Tal como o fado, o blues – que, aliás, alguns defendem serem primos afastados – é mais do que um género musical, é um estado de alma. Não é algo muito fácil de se explicar por palavras e, por isso, a melhor forma para o compreender é mergulhar nas suas raízes e falar com os antigos. E é isso que faz Daniel Cross, indo para o interior do Louisiana – o delta do Mississippi está para o blues assim como Alfama está para o fado – e seguindo os velhos bluesman que ainda estão vivos.
Vê-se que I am the Blues é um trabalho muito pessoa que Daniel Cross utiliza para prestar tributo aqueles homens que privaram com grandes lendas , como Muddy Watters ou Howlin’ Wolf, mas que passaram ao lado de carreiras reconhecidas por qualquer motivo ou capricho do destino. I am the Blues é, portanto, um filme também sobre um determinado tempo que está a terminar. Todos os intervenientes têm mais de 70 anos, o café onde reúnem é uma espelunca prestes a ser consumida pelo tempo e a morte espreita à esquina. Inclusive, há intervenientes que não resistem ao próprio filme. Na cena mais forte do documentário, Bud Spires aparece numa cena a cantar um blues sobre a morte e na seguinte vemos a sua campa.
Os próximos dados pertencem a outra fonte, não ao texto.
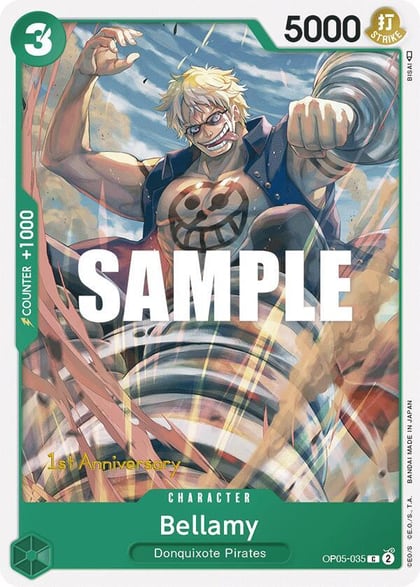 Bellamy, Awakening of the New Era: 1st Anniversary Tournament Cards OP05-035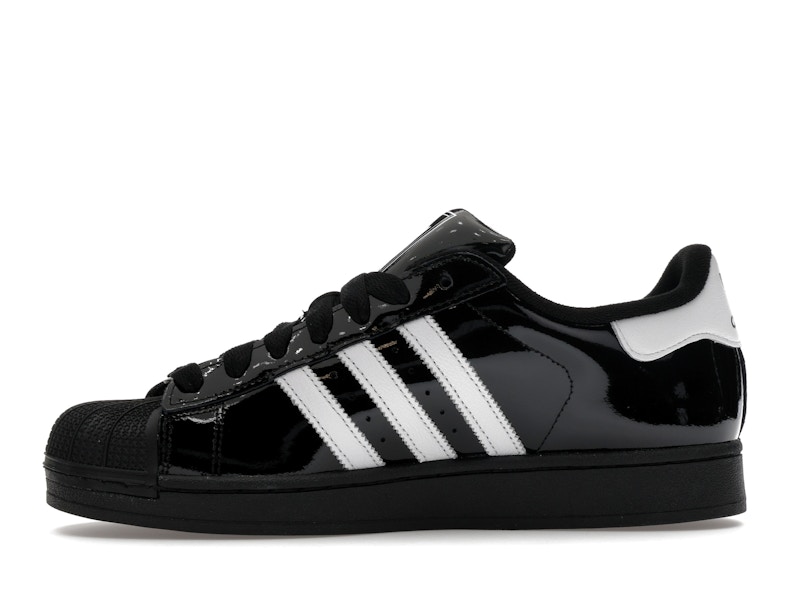 adidas Superstar II Black White Patent Leather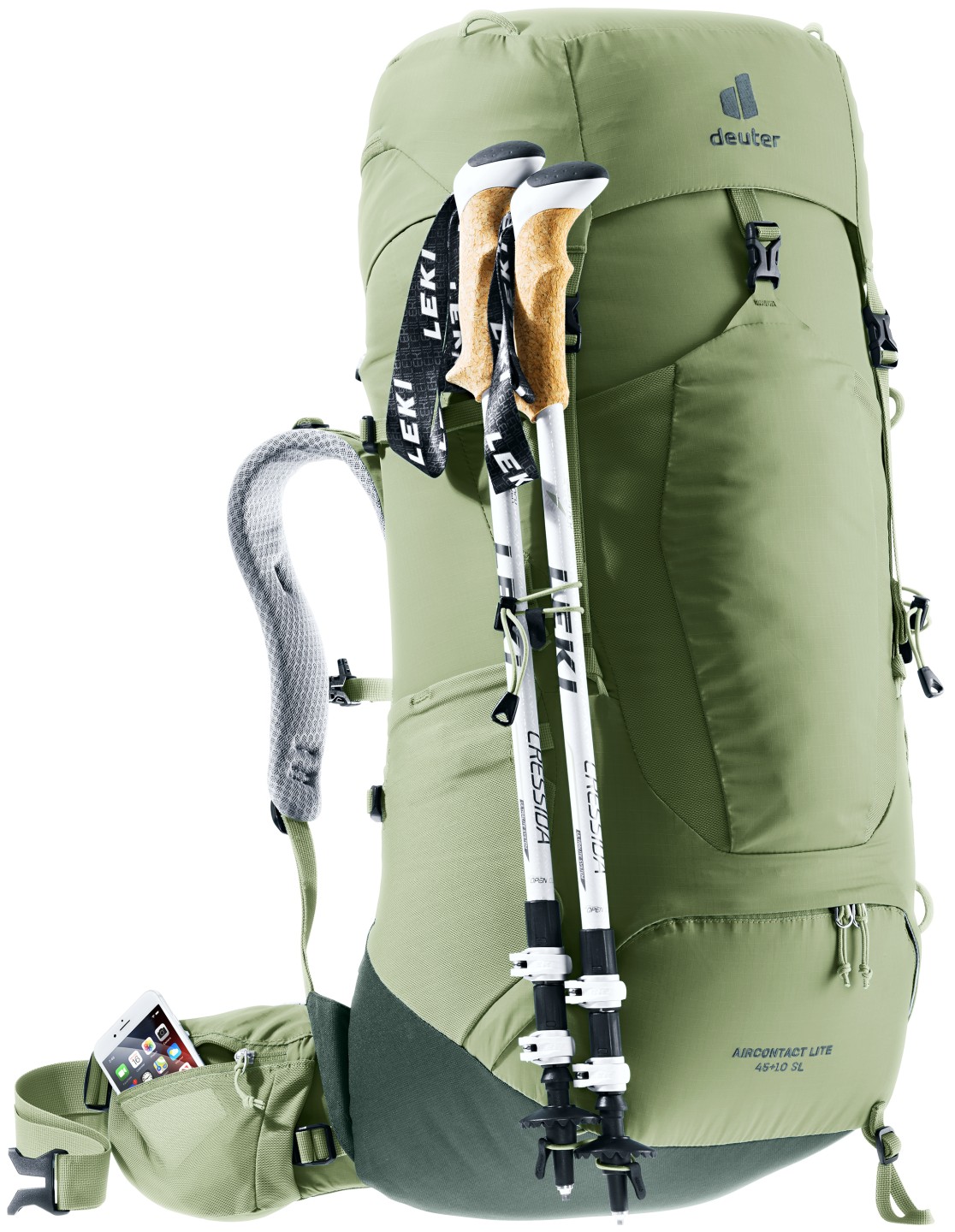 deuter Backpack Aircontact Lite 45+10 SL – Verde – Donna — 8 di 12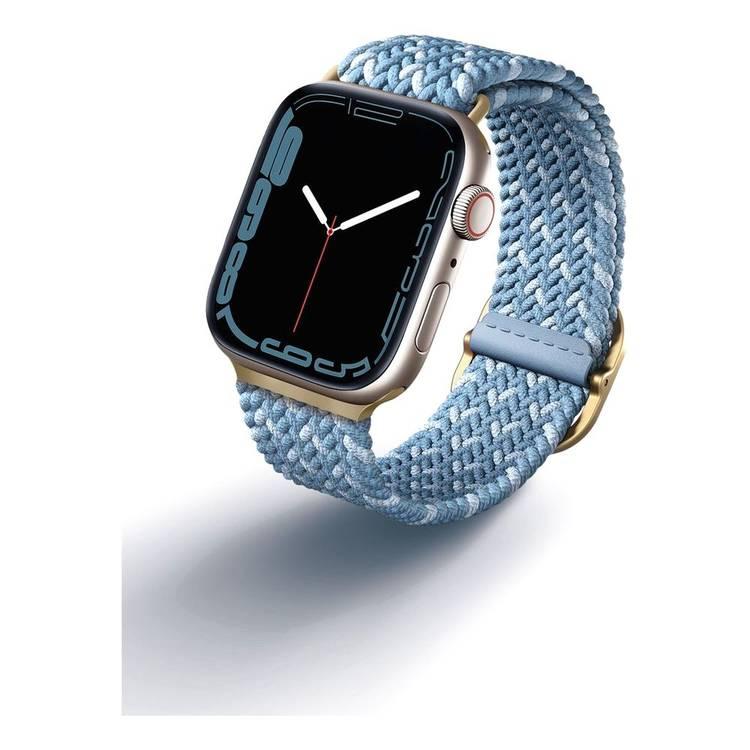 حزام ساعة Apple مضفر من Uniq Aspen Designer Edition - أزرق
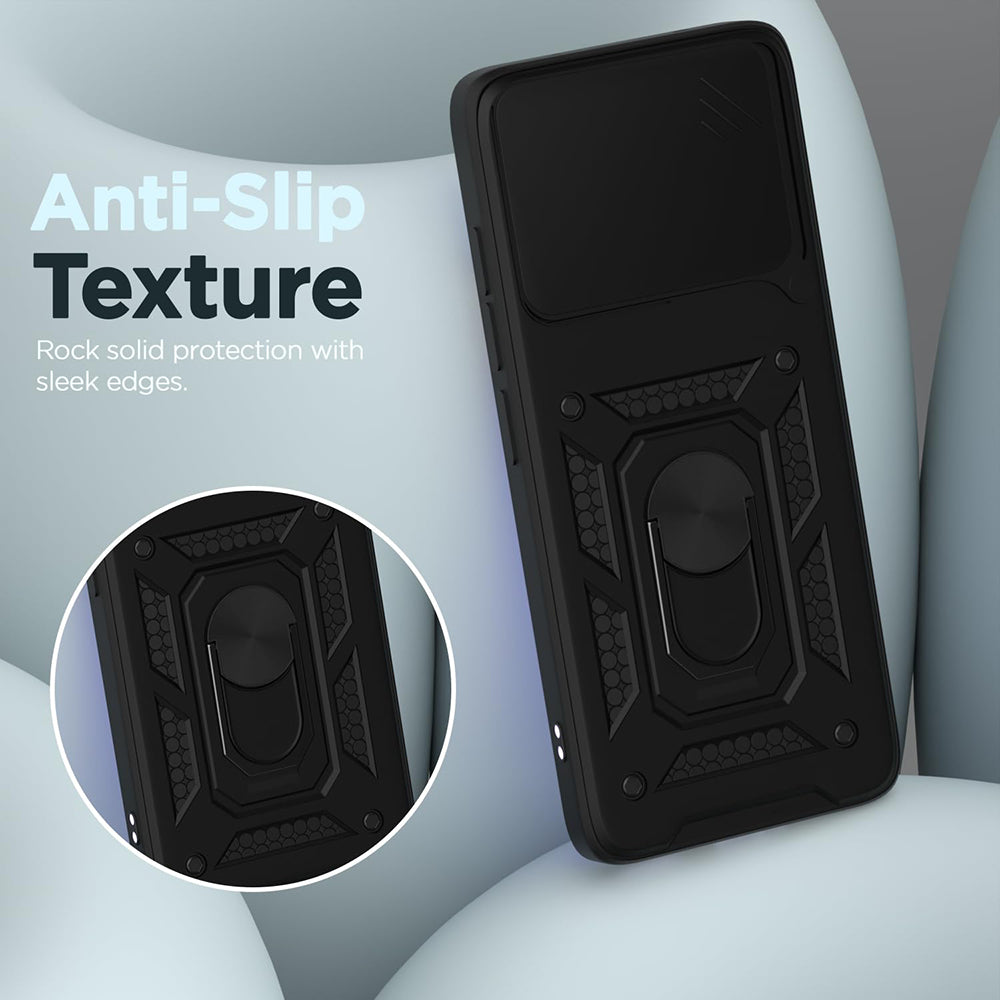 Tok a Realme 16 Pro-hoz, Techsuit, CamShield, Fekete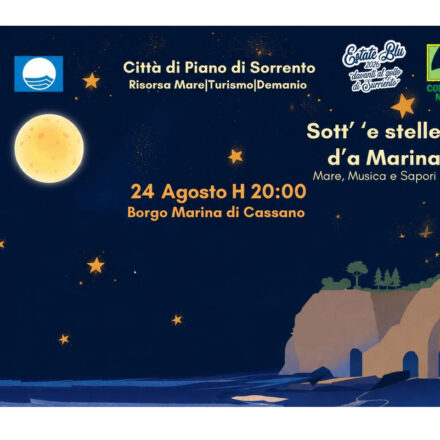 Questa sera a Piano di Sorrento “Sott’ ’e stelle d’’a marina”: sapori, musica e tradizioni a Marina di Cassano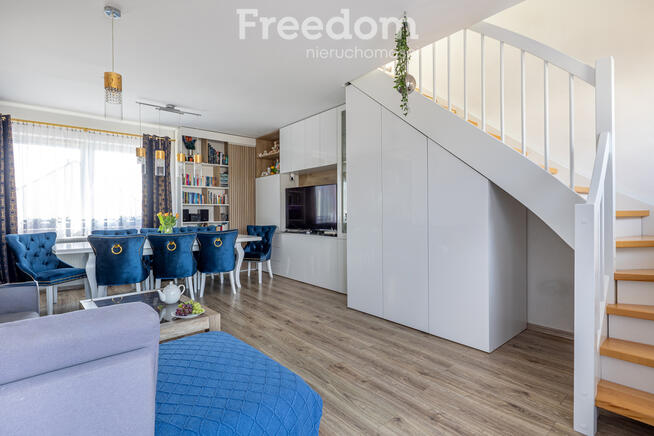 Nowoczesne mieszkanie w szeregowcu blisko Poznania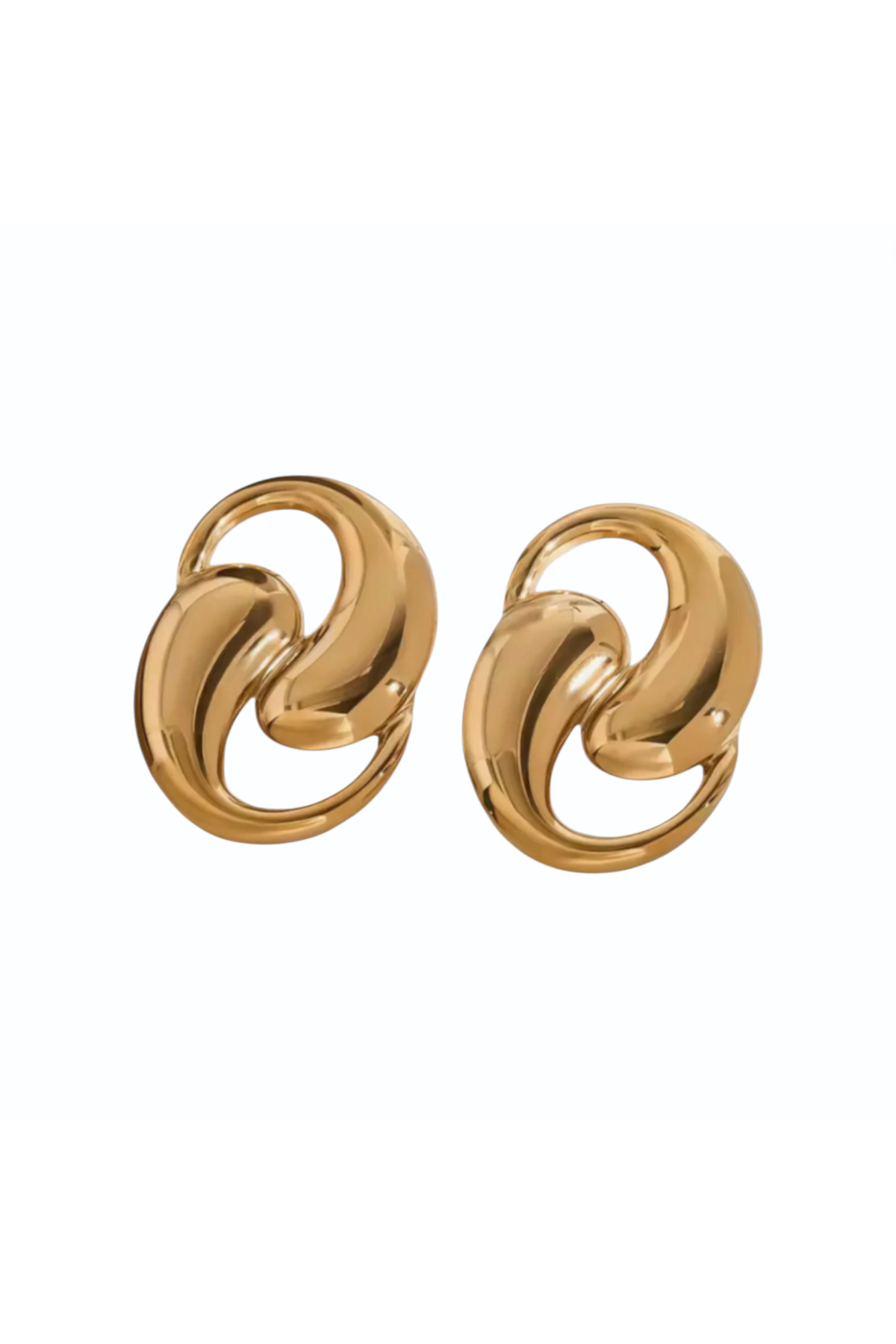 IZA | METAL EARRING - Gold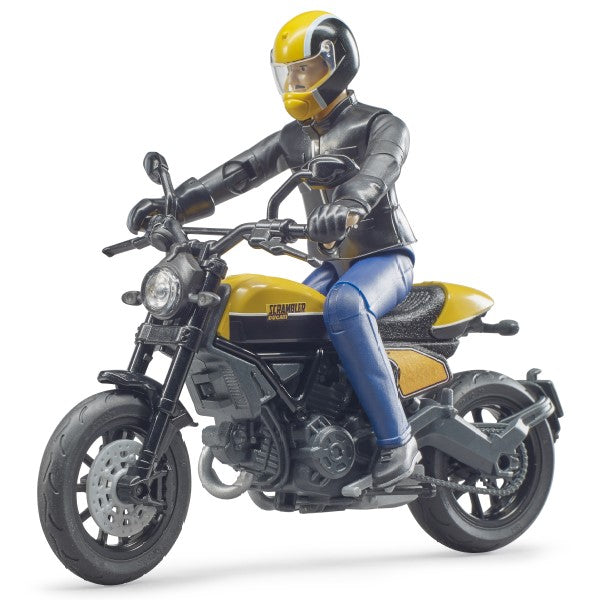 bworld Scrambler Ducati Full Throttle mit Fahrer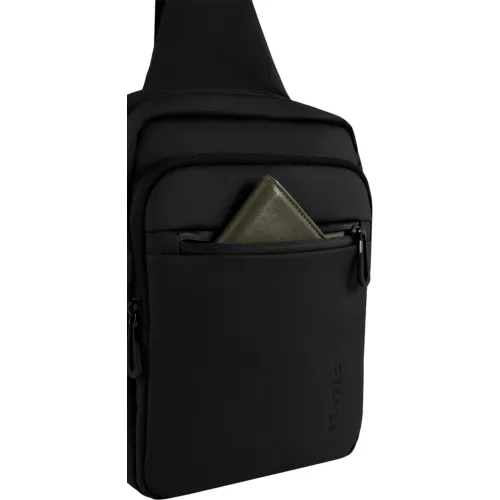 CREPIER Morral Hombre Sling Bag Zander Mediano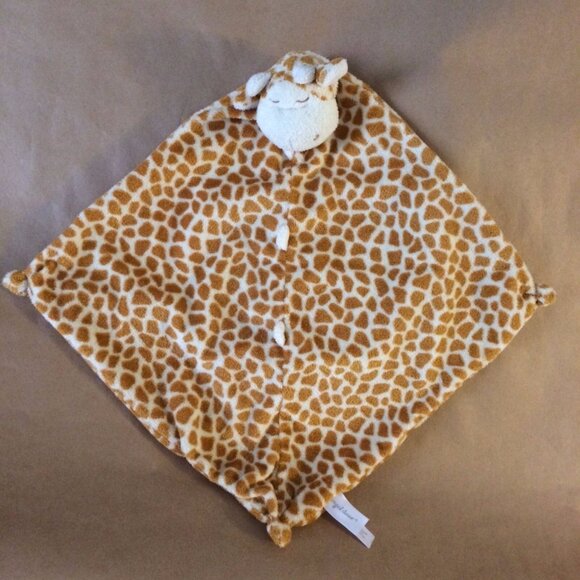 Angel Dear Brown Giraffe Plush Baby Security Blanket Eyes Closed Soft Toy Lovey - Picture 3 of 12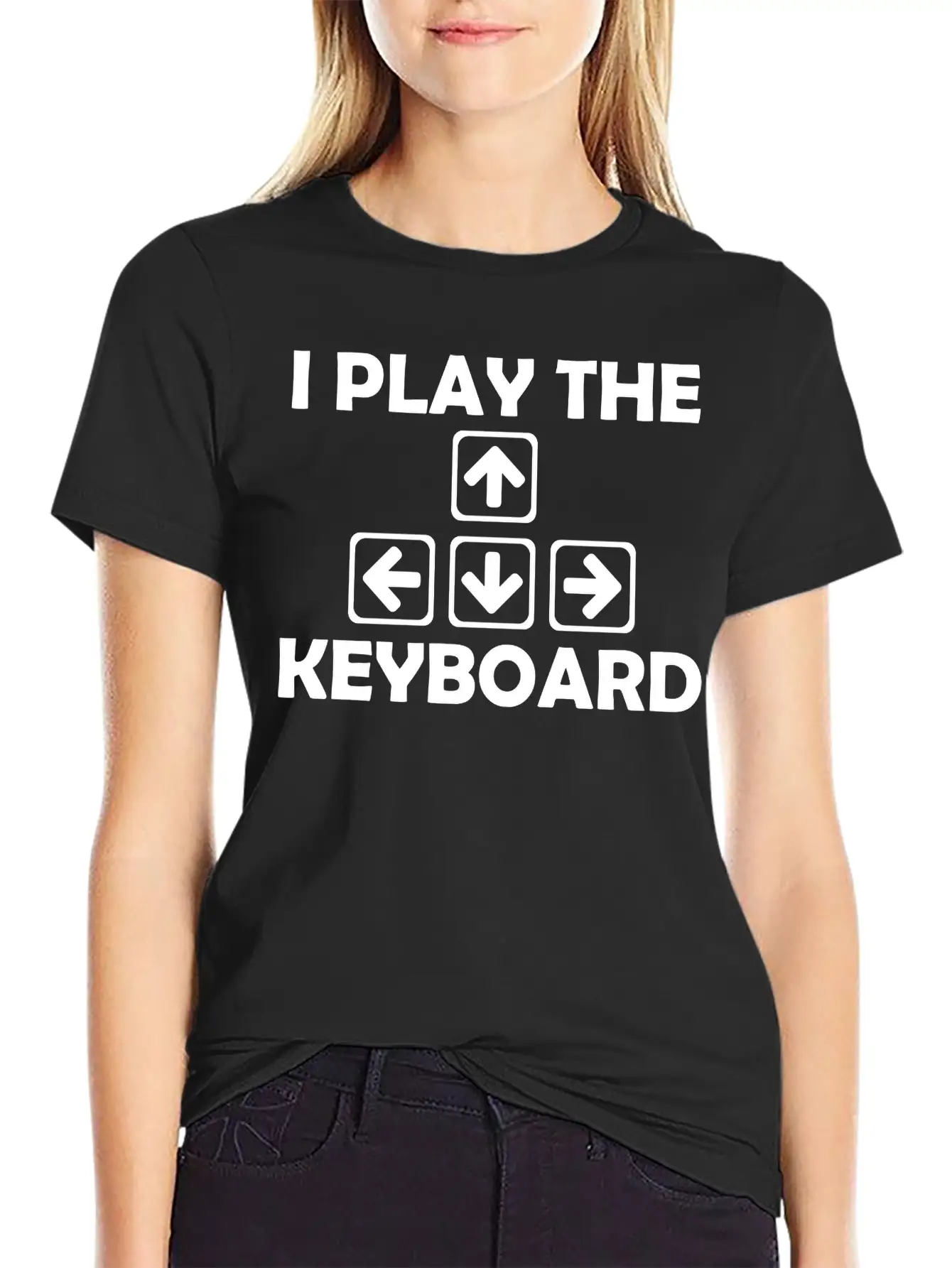 Play The Keyboard Breathable Soft Cotton T-Shirt – Timeless Casual Look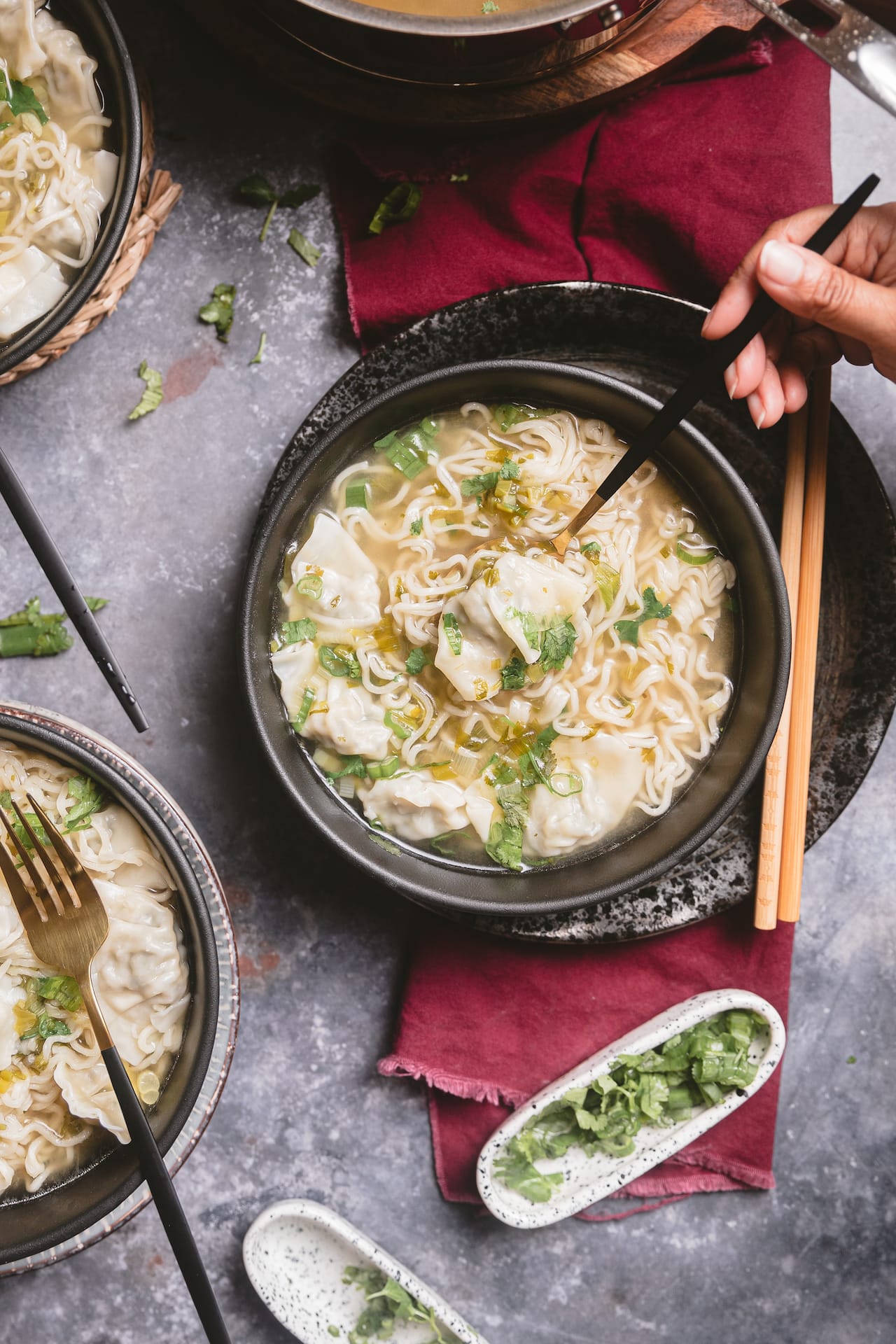 Chicken Wonton Noodle Soup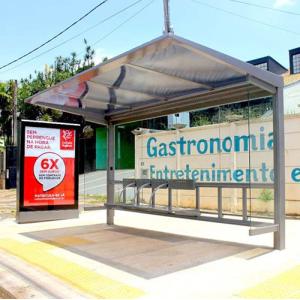 2500 Nits 65inch Outdoor Digital Signage With Fans Cooling System For Bus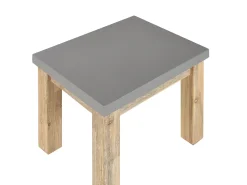 Set da pranzo da giardino con sgabelli 6 posti OSTUNI Cemento Grigio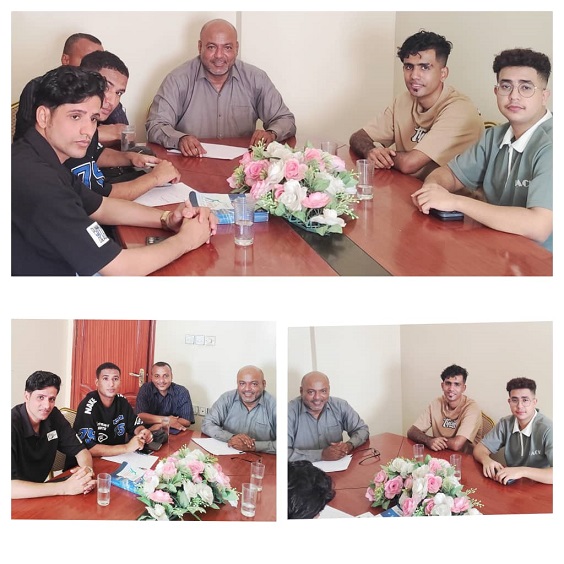 مسجدي يلتقي قيادة اتحاد الرياضات الالكترونية بساحل حضرموت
Sem qualquer intenção de documentar algo específico, I am the Blues não obedece a nenhuma estrutura narrativa, limitando-se a seguir aqueles velhotes e a ouvi-los falar. Há relatos curiosos sobre episódios com as lendas, considerações interessantes sobre o blues e histórias perturbadoras sobre os tempos da segregação. E há música, muita música, até porque todos eles ainda estão aí para as curvas e mandam altas bluesadas.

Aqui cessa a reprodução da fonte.